Er waren heel wat verzorgingshuizen en ik belde ze allemaal. Ik was twee dagen achter elkaar aan de telefoon, maar had geen resultaat. Als er al zo’n afdeling was, dan hadden ze een lange wachtlijst. Toen besefte ik dat ik het aan God kon overlaten en op Hem kon vertrouwen om een oplossing te vinden. God zorgt voor al Zijn kinderen en geeft hun wat zij nodig hebben. God zou mij leiden en mij vertellen wat ik doen moest. Toen kreeg ik het idee om de gemeente te bellen waar zij woonde. Iemand die mijn vriendin kende, beantwoordde de telefoon. Zij raadde mij aan een bepaald huis te bellen. Zij wist dat daar net een plaatsje was vrijgekomen. De volgende dag ging ik er heen om naar de kamer te kijken. Dit gebeurde op een vrijdag, en de woensdag daarop was mijn vriendin verhuisd.
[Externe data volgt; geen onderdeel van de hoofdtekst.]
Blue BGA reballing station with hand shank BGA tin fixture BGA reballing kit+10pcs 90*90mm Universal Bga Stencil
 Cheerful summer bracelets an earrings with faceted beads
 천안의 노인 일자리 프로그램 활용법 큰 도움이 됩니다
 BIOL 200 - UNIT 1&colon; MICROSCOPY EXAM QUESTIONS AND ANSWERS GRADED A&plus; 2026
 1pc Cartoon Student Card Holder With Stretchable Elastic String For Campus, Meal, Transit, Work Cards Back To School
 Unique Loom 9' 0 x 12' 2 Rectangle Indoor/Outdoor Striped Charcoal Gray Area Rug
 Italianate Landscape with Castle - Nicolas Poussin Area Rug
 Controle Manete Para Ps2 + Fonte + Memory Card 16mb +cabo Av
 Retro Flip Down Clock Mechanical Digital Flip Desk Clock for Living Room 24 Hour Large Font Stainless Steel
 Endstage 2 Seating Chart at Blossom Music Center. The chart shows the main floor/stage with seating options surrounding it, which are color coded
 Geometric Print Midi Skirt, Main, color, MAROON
Voor mij was dit het bewijs dat we op Gods zorg kunnen vertrouwen. God, als Vader- Moeder, heeft Zijn kinderen oneindig lief. We kunnen op dit feit vertrouwen en er aanspraak op maken. De Bijbel stelt: “Want in Hem leven wij, en bewegen ons, en zijn wij” (Hand. 17: 28). Wij zijn Gods idee. Dus het is zeker dat God voor ons zorgt en dat Hij onze diepste gedachten kent.
Ik wist dat, zoals 4 tussen 3 en 5 staat, er een juiste plaats voor mijn vriendin was. Zij heeft nog jaren geleefd in dit verpleeghuis en was volkomen tevreden. Iedere keer als ik haar bezocht, kon ik zien dat ze gelukkig was. Ze zei: “Ik heb het goed en waarom ook niet?”
Wij kunnen vertrouwen hebben in Gods liefde en zorg. God geeft ons altijd het allerbeste. Daar kunnen wij op rekenen.